= William Marshall (translator) =

16th century English Protestant reformer, printer and translator

William Marshall (died 1540?) was an English Protestant reformer, printer, and translator.

==Early life==
Marshall apparently acted as clerk to Sir Richard Broke, the chief baron of the exchequer, and was acquainted with Sir Thomas More. He advocated for Henry VIII's divorce from Catherine of Aragon, and in 1535 was one of Thomas Cromwell's confidential agents.

==Translations and other works==
Through Thomas Cromwell's favour, Marshall obtained a license for printing books, and his main occupation from about 1534 seems to have been in preparing works for his press.

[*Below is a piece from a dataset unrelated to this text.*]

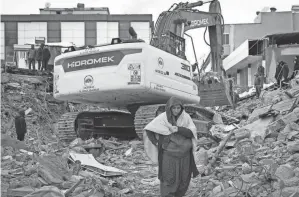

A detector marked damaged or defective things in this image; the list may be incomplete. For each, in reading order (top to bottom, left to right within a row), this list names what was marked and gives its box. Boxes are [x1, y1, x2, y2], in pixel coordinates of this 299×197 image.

damaged building facade [223, 5, 299, 87]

At the period when he first began literary work, he was living in Wood Street, London. He was then translating Lorenzo Valla's undermining of the Donation of Constantine, and a work by Erasmus that appeared under the titles Maner and Forme of Confession or Erasmus of Confession.

Borrowing from Cromwell, Marshall published The Defence of Peace, on 27 July 1535. It was a translation of Marsilio of Padua's Defensor pacis, the 14th century work against the temporal power of the Pope. It was printed by Robert Wyer. In the same year appeared his Pyctures and Ymages, printed by John Gough, an English translation via Latin of Martin Bucer's Das einigerlei Bild. Lord Chancellor Thomas Audeley and Thomas Broke thought it too provocative. Cromwell, however, let it go ahead, with a noticeable reaction to its suggestions on burning images.

Marshall built up a reformist portfolio, with a translation by William Turner from Joachim Vadian, an English primer that presaged the Bishops' Book and Thomas Cranmer's Litany, and a Flemish work on poor relief. The Defensor pacis, however, did not sell well. In 1536, Marshall encountered money troubles, and a family problem as John Gostwick pursued a loan of his brother Thomas, parson at South Molton. Cromwell was unwilling to help as Gostwick was one of his closest friends, or give Marshall preferments stripped from Reginald Pole.

In 1542 there appeared Marshall's An Abridgement of Sebastian Munster's Chronicle, printed by Wyer. Joseph Ames also attributed to Marshall the Chrysten Bysshop and Counterfayte Bysshop, n.d., printed by Gough. The date of his death is unknown, but may be around 1540.

==Family==
Marshall was married and had two sons, Richard, who has been tentatively identified with Richard Marshall the dean of Christ Church, and another named Thomas. Nothing is known of his marriage or of any other children.